There is a small section up at the top of the lawn for those who bring lawn chairs. Further down on the lawn, there are no raised chairs allowed. That said, you can rent reclining lawn cushions (or bring your own). We found them pretty comfortable.
You can also get food and drinks inside the venue. The food menu was pretty stout and we got a good dinner for about $50. Just note you cannot take food into the covered seats and drinks must be in covered Wolf Trap cups.
The gates for the lawn open 90 minutes before the show, allowing plenty of time to enjoy dinner before the show begins. If you want a good seat on the lawn, you will want to get in line before the gates open.
There is also a full restaurant on site which offers reservations for dinner before the show and the remainder of the grounds are open for picnicking.
Where to Stay in the Area
Wolf Trap is located in the greater Washington DC area, so there are plenty of hotels nearby.
We were camping and found a really nice campground in Manassas, right next to Manassas National Battlefield Park, called Bull Run Regional Park. This is a large park that has a bit of everything: picnic tables and grilling areas, a shooting range, large open spaces, a water park and a nice campground.
We camped in one of the pull-through full hook-up sites. The site itself was not the best, at least for our camper. For starters, it was difficult to get into due to how the site was set up, with a tree at one end. Additionally, it was at all level.
Still, the campground was good overall and we would stay here again.
Final Thoughts on Visiting Wolf Trap
We visited Wolf Trap National Park for the Performing Arts as a bit of a detour before visiting Shenandoah National Park. Honestly, it would be better suited as part of a visit to Washington DC but we tend to visit cities in colder months and would miss out on seeing a show here.

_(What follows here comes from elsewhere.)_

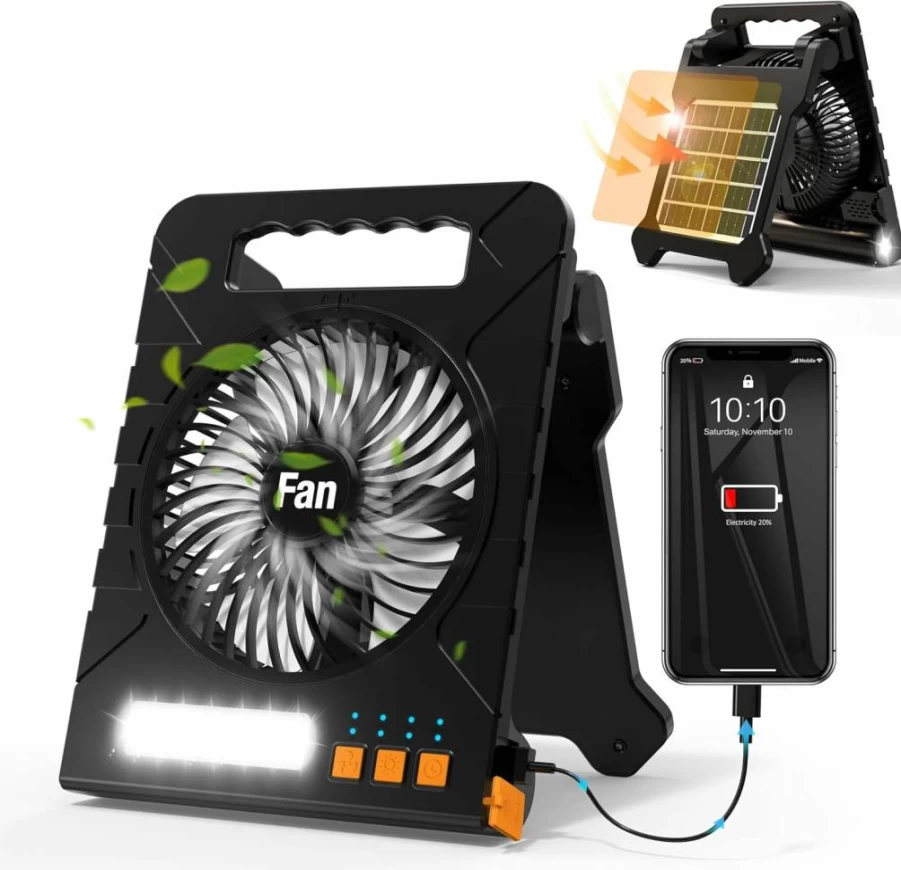 TrekkingLamb Solar Powered Camping Fan - 4000mAh Portable Table Fan with LED Lantern, Flashlight, 4 Speeds & Timers for Outdoor, Workbench, Picnic, Fishing, Emergency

We really enjoyed seeing a concert at Wolf Trap. It is a nice facility and is certainly an improvement from many of the amphitheaters we have seen concerts at in terms of the overall environment.
While we chose our show based on what was available when we were in town, the concert schedule at Wolf Trap is quite varied and you can likely find a show of your liking if you have a few days in town.
The Buddy Guy performance was spectacular, even for Bonnie who is not much of a blues fan. These performers were outstanding and the venue added a lot to the excellent performance.